Over the past week I took one daughter at a time to the store to pick up a doll. Daughter G, who is 7 years old now, picked out the Princess Power Barbie doll with the blue hair. Blue is her favorite color. G is a sweetie, she reminds me of myself as a kid. She is quiet and thoughtful. She doesn’t have the same problem with socializing with others like I had growing up. That is beautiful because I know she has never been abused. She is growing and maturing just the way God created her. Sometimes I wonder how I would have turned out had our family never moved so close to my uncle, but that is pointless to think about.
Anyway, at the store we looked at several Barbie dolls. You know what, I felt giddy inside.
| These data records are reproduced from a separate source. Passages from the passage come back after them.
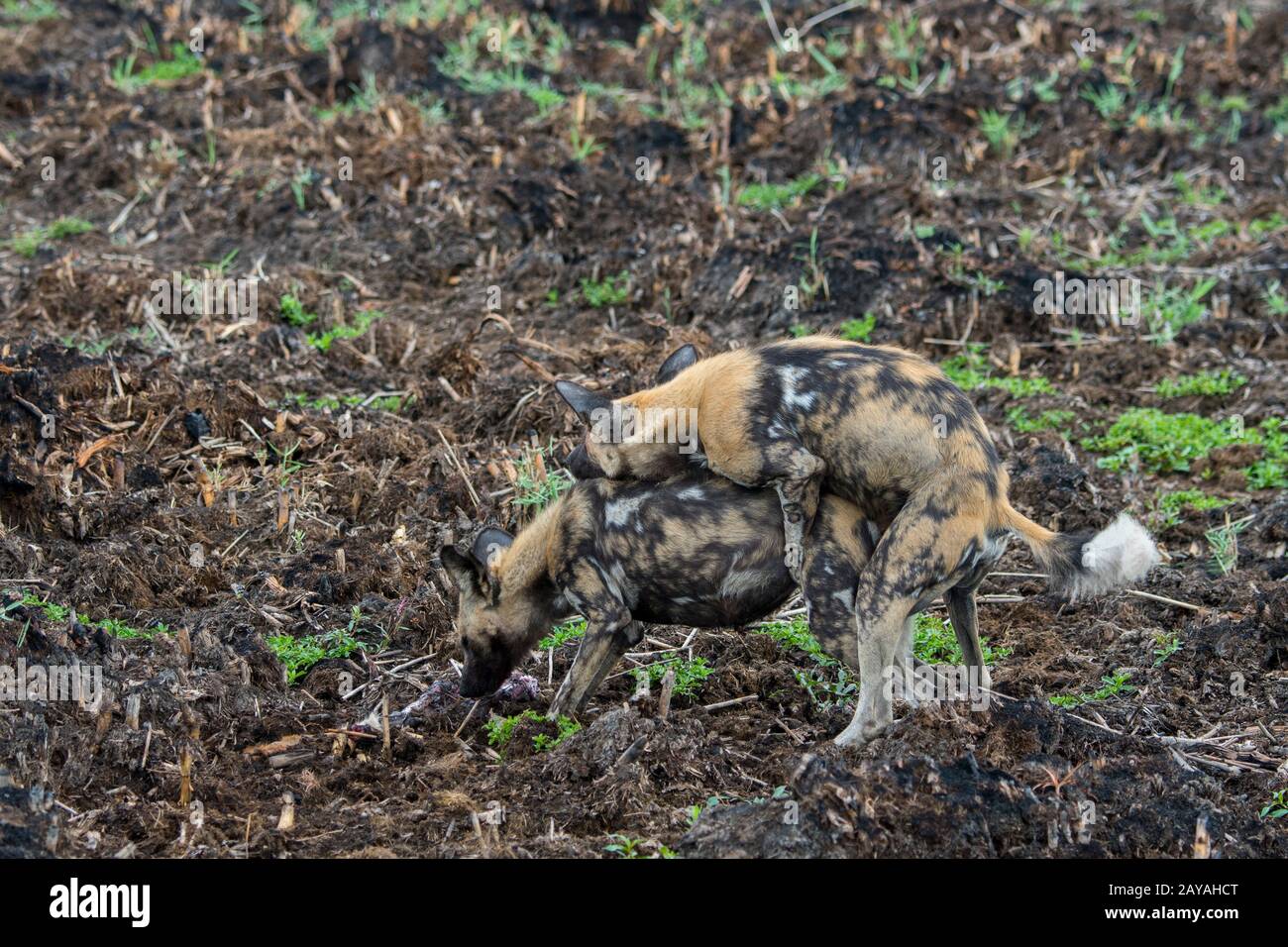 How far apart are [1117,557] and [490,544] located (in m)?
2.65

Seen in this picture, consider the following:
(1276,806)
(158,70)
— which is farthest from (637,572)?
(158,70)

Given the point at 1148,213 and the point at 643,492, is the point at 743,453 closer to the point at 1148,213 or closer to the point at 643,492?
the point at 643,492

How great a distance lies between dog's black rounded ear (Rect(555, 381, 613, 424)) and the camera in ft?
22.9

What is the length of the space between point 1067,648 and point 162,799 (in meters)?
3.94

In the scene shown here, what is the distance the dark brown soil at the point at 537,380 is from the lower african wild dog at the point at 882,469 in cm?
52

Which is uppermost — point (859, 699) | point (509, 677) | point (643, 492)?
point (643, 492)

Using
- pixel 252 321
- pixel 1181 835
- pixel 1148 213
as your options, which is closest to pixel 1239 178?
pixel 1148 213

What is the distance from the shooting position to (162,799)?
5.93 metres

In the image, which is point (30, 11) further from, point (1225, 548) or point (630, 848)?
point (630, 848)

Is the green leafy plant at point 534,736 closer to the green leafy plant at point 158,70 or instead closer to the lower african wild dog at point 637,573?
the lower african wild dog at point 637,573

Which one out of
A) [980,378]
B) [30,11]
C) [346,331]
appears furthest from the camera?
[30,11]

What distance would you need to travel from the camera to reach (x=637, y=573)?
22.1ft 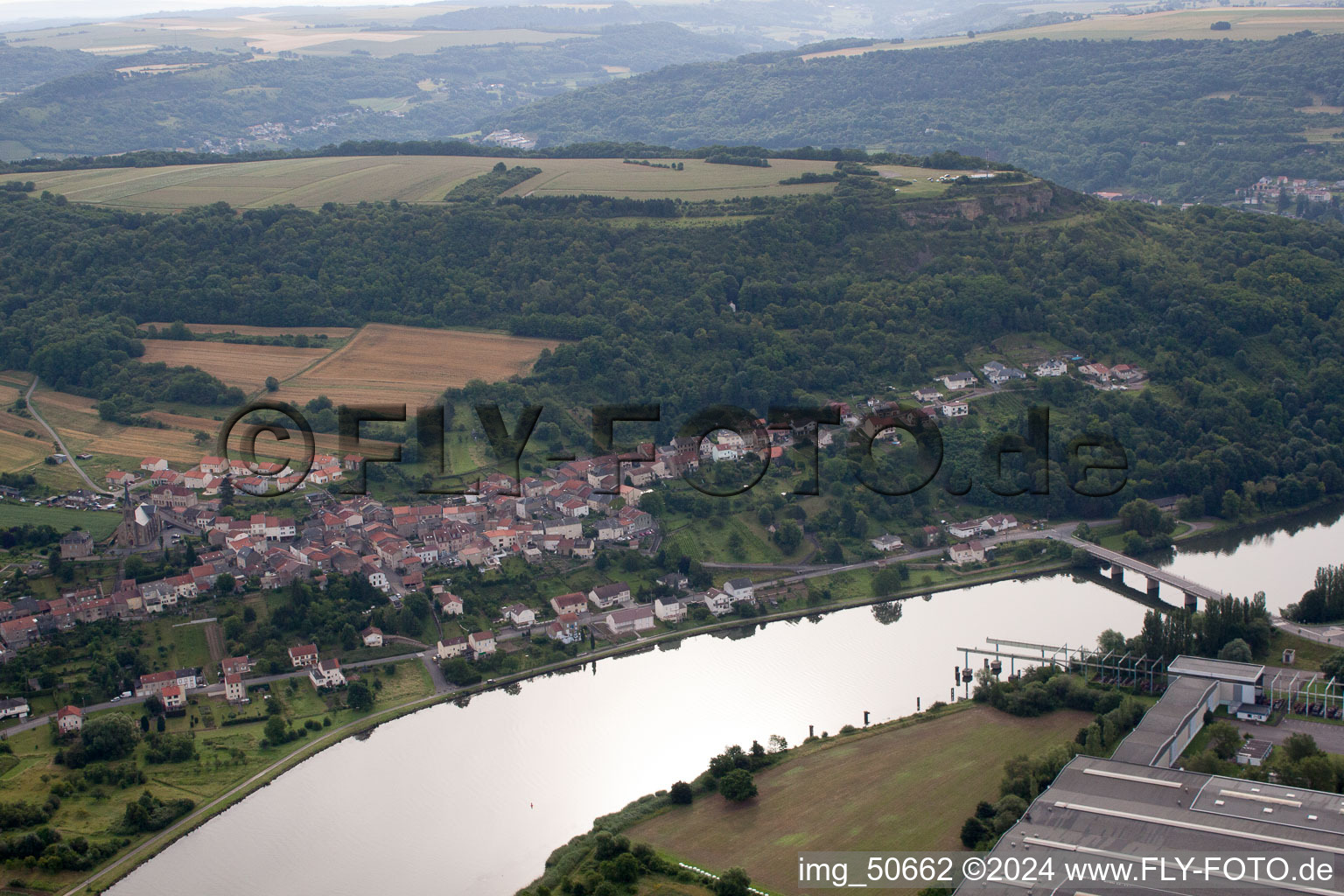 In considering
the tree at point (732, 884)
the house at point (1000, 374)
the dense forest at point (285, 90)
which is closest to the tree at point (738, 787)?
the tree at point (732, 884)

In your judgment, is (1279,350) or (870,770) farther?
(1279,350)

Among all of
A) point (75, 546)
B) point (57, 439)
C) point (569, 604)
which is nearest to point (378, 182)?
point (57, 439)

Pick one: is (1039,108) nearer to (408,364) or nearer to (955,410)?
(955,410)

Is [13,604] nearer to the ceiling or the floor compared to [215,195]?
nearer to the floor

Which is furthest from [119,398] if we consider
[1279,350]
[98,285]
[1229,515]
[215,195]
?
[1279,350]

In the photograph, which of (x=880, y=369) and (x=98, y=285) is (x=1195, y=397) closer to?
(x=880, y=369)

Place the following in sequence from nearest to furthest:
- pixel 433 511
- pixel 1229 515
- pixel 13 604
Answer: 1. pixel 13 604
2. pixel 433 511
3. pixel 1229 515

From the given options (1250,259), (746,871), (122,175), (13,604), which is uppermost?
(122,175) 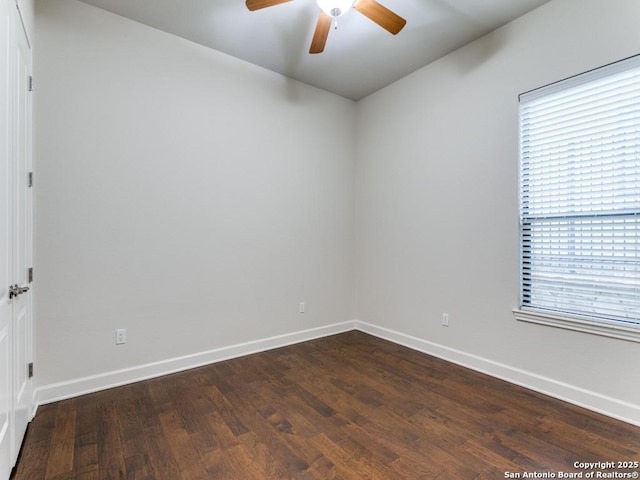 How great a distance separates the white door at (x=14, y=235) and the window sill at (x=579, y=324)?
3.36 meters

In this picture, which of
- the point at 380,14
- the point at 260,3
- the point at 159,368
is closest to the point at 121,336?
the point at 159,368

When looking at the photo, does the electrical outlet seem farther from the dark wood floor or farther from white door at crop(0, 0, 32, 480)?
white door at crop(0, 0, 32, 480)

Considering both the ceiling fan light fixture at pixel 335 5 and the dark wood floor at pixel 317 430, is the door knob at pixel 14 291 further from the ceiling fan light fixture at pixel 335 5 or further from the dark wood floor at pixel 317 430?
the ceiling fan light fixture at pixel 335 5

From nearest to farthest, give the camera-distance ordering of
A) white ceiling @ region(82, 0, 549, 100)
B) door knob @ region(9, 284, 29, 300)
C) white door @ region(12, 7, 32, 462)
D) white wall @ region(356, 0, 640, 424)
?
door knob @ region(9, 284, 29, 300) → white door @ region(12, 7, 32, 462) → white wall @ region(356, 0, 640, 424) → white ceiling @ region(82, 0, 549, 100)

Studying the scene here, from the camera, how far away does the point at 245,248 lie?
337 cm

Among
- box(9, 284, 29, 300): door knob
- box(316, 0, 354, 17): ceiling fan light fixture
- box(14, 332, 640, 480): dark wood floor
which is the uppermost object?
box(316, 0, 354, 17): ceiling fan light fixture

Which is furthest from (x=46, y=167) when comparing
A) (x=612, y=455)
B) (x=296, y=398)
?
(x=612, y=455)

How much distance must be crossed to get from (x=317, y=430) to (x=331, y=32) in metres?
3.16

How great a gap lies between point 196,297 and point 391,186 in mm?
2457

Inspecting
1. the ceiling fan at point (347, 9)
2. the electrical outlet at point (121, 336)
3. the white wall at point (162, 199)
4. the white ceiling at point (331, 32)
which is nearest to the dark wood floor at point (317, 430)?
the electrical outlet at point (121, 336)

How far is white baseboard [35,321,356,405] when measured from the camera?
2421 millimetres

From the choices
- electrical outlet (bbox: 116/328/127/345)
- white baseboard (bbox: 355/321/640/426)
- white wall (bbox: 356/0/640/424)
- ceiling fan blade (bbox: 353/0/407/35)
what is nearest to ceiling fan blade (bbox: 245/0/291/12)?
ceiling fan blade (bbox: 353/0/407/35)

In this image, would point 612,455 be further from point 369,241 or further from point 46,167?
point 46,167

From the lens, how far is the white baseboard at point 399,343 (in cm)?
224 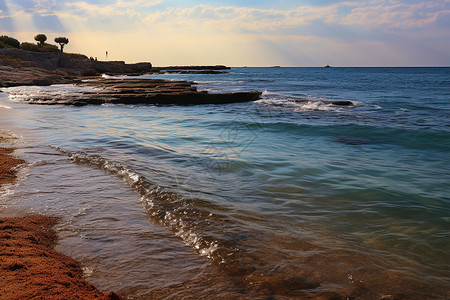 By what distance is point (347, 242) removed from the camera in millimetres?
3518

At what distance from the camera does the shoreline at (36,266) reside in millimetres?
2158

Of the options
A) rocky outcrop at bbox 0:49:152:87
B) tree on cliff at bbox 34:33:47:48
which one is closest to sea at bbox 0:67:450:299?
rocky outcrop at bbox 0:49:152:87

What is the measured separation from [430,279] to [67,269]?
3042mm

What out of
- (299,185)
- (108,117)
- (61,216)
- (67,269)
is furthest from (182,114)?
(67,269)

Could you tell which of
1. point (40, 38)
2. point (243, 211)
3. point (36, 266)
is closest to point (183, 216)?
point (243, 211)

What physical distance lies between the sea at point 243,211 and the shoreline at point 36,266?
0.17m

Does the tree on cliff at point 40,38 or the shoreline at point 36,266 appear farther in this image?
the tree on cliff at point 40,38

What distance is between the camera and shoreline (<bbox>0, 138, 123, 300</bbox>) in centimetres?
216

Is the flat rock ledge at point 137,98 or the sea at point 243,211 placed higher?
the flat rock ledge at point 137,98

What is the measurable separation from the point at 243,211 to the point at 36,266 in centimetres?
244

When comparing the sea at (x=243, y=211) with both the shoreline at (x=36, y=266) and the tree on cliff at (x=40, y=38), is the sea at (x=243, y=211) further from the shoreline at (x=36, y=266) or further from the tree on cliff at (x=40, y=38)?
the tree on cliff at (x=40, y=38)

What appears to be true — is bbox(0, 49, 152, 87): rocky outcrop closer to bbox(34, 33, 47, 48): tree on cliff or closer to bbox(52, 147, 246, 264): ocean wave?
bbox(34, 33, 47, 48): tree on cliff

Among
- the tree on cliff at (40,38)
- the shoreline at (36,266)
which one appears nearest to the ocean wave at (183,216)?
the shoreline at (36,266)

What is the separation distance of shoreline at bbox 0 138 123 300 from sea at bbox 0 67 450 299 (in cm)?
17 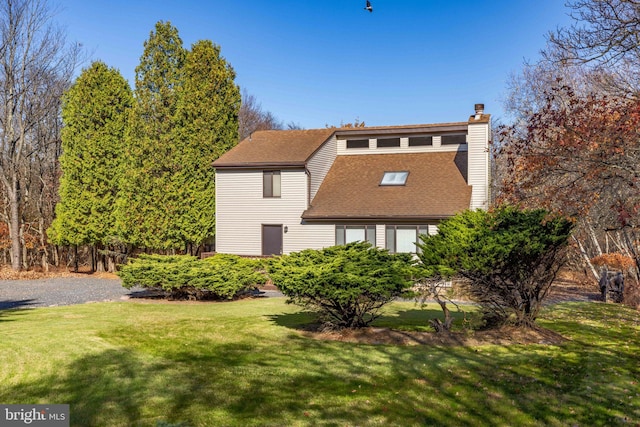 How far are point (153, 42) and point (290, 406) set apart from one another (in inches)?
951

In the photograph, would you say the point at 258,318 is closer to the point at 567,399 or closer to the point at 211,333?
the point at 211,333

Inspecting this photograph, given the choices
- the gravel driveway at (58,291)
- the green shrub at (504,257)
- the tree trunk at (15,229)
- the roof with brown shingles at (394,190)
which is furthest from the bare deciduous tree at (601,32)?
the tree trunk at (15,229)

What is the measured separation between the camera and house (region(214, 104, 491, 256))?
21125 mm

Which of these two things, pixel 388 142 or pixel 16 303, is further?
pixel 388 142

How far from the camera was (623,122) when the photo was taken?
10.2 meters

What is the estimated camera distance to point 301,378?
7672mm

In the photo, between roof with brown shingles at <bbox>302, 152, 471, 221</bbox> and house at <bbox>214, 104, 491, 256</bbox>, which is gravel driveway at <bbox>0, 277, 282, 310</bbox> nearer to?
house at <bbox>214, 104, 491, 256</bbox>

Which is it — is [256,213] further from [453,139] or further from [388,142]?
[453,139]

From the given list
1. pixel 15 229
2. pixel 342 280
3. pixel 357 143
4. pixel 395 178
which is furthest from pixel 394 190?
pixel 15 229

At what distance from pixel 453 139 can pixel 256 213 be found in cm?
1050

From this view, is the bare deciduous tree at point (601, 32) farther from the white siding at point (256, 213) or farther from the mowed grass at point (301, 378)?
the white siding at point (256, 213)

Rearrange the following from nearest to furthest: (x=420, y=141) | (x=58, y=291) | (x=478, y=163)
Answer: (x=58, y=291) → (x=478, y=163) → (x=420, y=141)

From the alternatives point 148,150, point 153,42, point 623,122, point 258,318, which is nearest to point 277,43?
point 153,42

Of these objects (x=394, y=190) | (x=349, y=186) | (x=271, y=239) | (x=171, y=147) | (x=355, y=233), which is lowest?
(x=271, y=239) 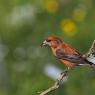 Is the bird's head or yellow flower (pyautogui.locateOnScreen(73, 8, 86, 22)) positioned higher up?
the bird's head

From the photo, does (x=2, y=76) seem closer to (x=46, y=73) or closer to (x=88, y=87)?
(x=46, y=73)

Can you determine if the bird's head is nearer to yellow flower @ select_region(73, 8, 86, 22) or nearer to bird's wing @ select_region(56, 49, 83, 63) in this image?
bird's wing @ select_region(56, 49, 83, 63)

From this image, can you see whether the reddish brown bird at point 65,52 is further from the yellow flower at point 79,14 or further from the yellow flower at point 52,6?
the yellow flower at point 52,6

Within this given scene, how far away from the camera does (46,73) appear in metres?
5.98

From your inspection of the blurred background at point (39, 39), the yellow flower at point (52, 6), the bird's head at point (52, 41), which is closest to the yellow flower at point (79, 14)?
the blurred background at point (39, 39)

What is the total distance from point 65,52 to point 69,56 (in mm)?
115

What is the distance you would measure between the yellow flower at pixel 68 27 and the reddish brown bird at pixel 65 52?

I’m sure that was Emily (my little girl alter). It was nice to know she was present. She has been hiding a lot. Well, part of the problem is that even though she is quiet I have a hard time in general identifying who’s who in my mind. I hear their comments often enough, but I heard them my whole life and always took ownership of the thoughts myself. So, now I have to reassess where they are coming from and who is who.
Emily is a sweet little girl, but she seems to be very intellectual also – like she is the younger self but also has a more mature intellectual self and I am not sure if that is a separate person, or if it is still her. Maybe one is her protector since she is extremely shy and wants to live in her familiar shell.
I believe the most recent recollection of feeling compassion and wanting to change my own situation and other kids’ situations but failing and then making things worse for everybody opened up the vault for taking the risk to love others again. Empathy and sympathy may be the key for connecting with Emily.